Problem requirements:
Print the lines in the listing below that fall between the line with "Ma-Cabane - Vente Maison LATHUILE, 97 m²" and the line with "35th image of", those two lines included, exactly as they stand and with nothing else.

Record extracts:
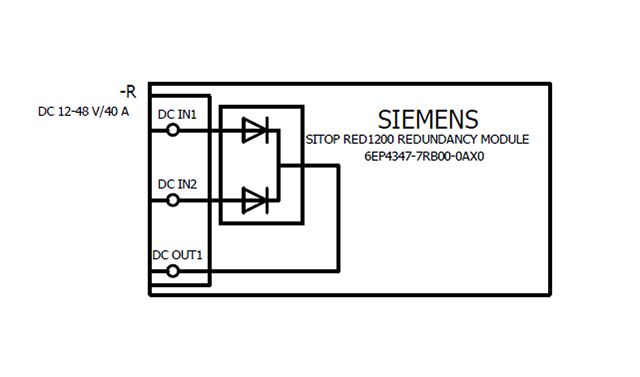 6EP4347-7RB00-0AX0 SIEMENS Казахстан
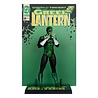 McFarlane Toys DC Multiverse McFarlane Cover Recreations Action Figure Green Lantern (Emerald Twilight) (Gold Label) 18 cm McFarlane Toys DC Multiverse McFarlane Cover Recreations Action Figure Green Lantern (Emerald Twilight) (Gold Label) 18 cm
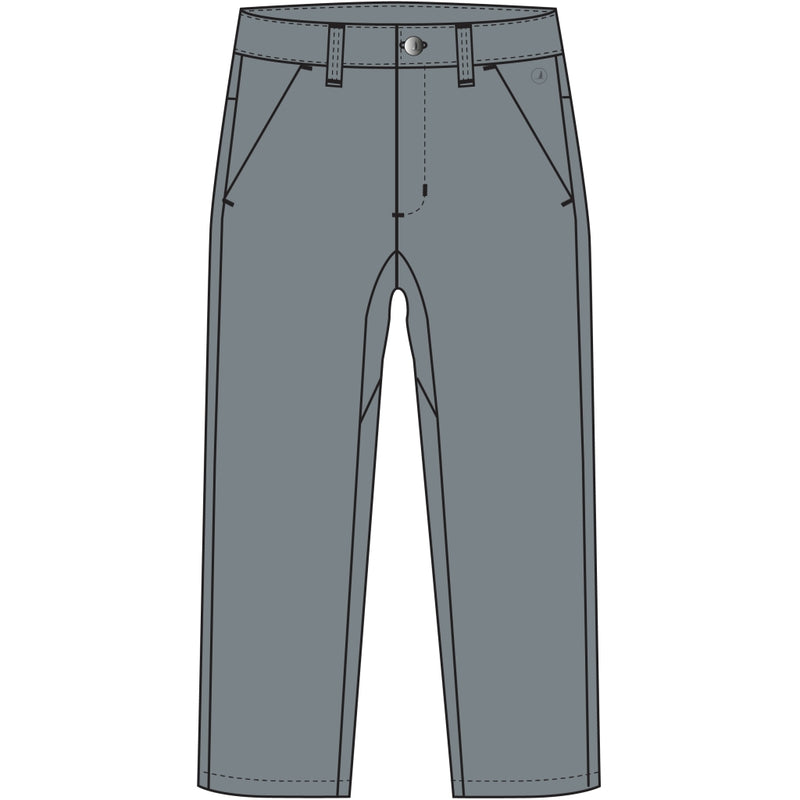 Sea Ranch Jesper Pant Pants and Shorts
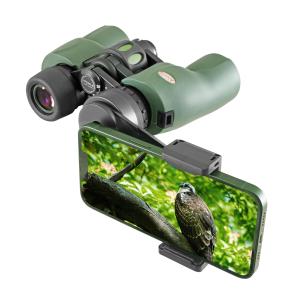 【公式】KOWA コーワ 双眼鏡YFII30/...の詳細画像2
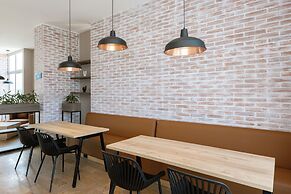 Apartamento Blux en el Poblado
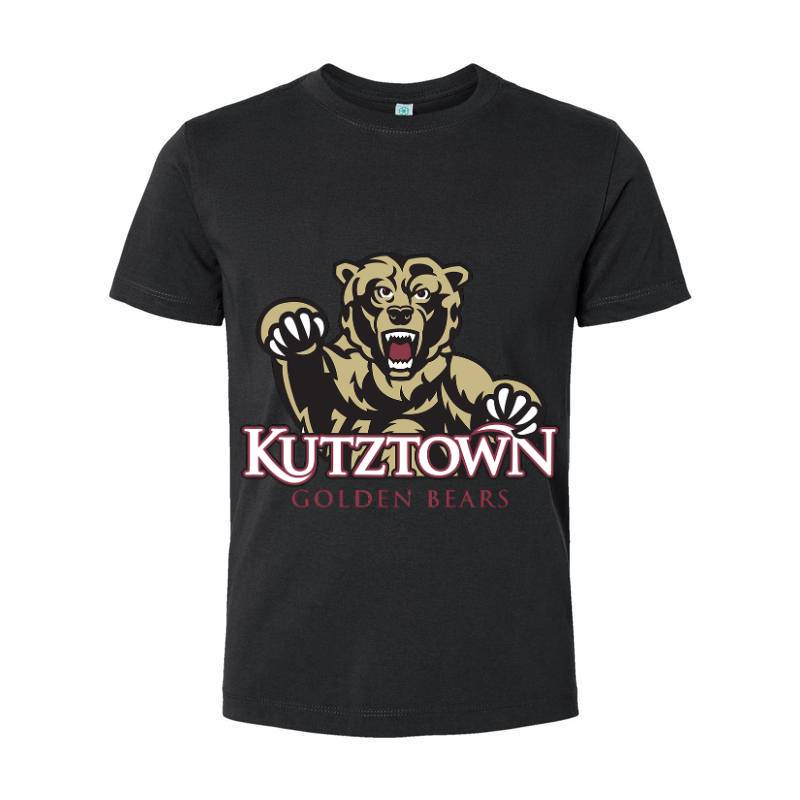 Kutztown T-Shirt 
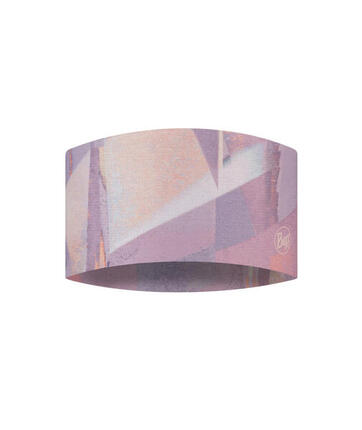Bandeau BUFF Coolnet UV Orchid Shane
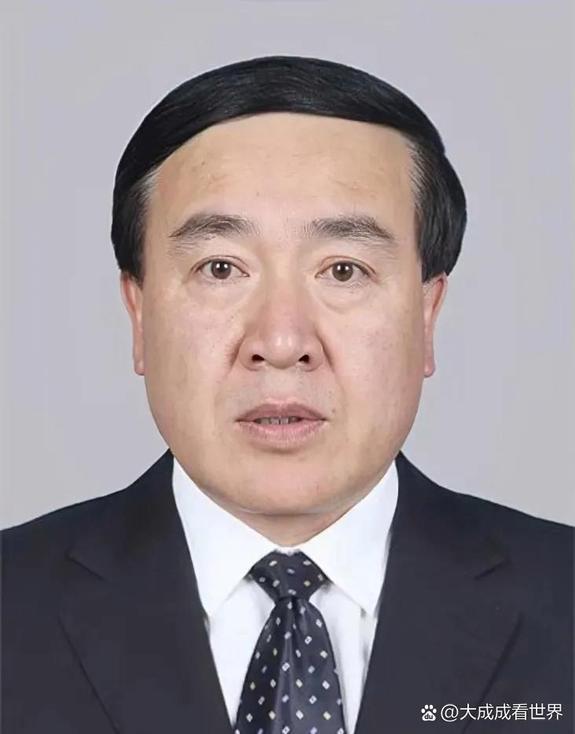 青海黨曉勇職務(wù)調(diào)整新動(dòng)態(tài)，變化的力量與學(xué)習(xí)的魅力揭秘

* * *

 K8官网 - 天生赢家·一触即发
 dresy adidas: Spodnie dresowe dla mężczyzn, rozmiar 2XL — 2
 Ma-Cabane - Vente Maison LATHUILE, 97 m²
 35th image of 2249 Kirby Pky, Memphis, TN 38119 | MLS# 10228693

--

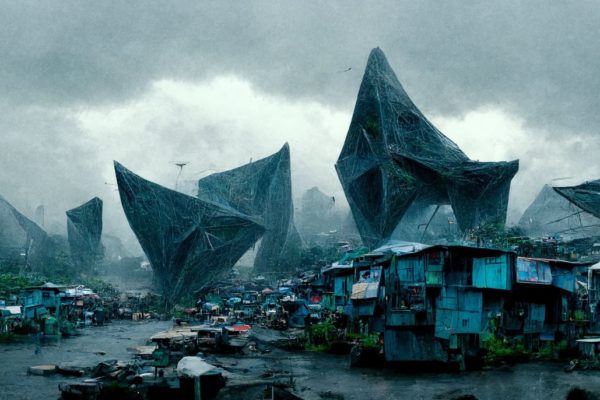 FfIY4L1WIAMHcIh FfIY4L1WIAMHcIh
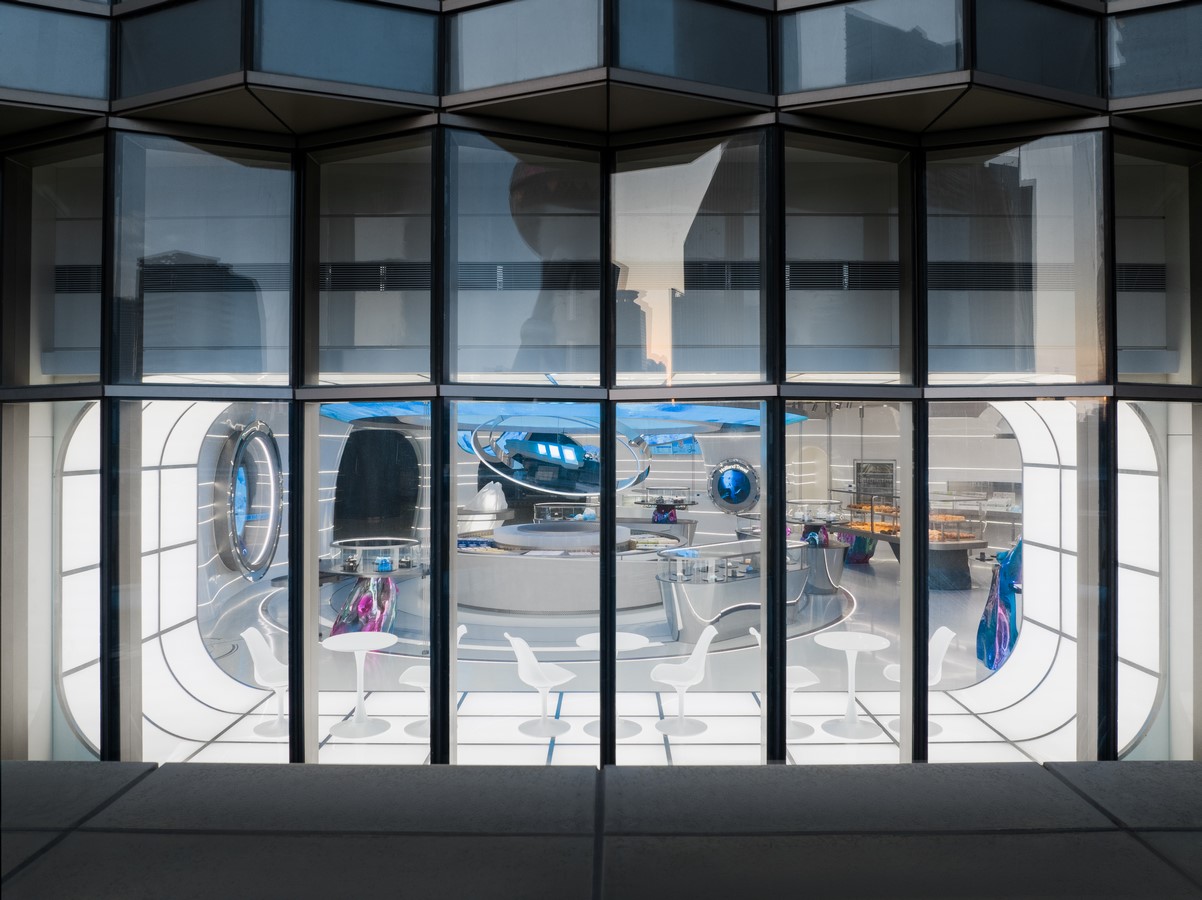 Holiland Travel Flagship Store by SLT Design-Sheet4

Answer for the task:
 Ma-Cabane - Vente Maison LATHUILE, 97 m²
 35th image of 2249 Kirby Pky, Memphis, TN 38119 | MLS# 10228693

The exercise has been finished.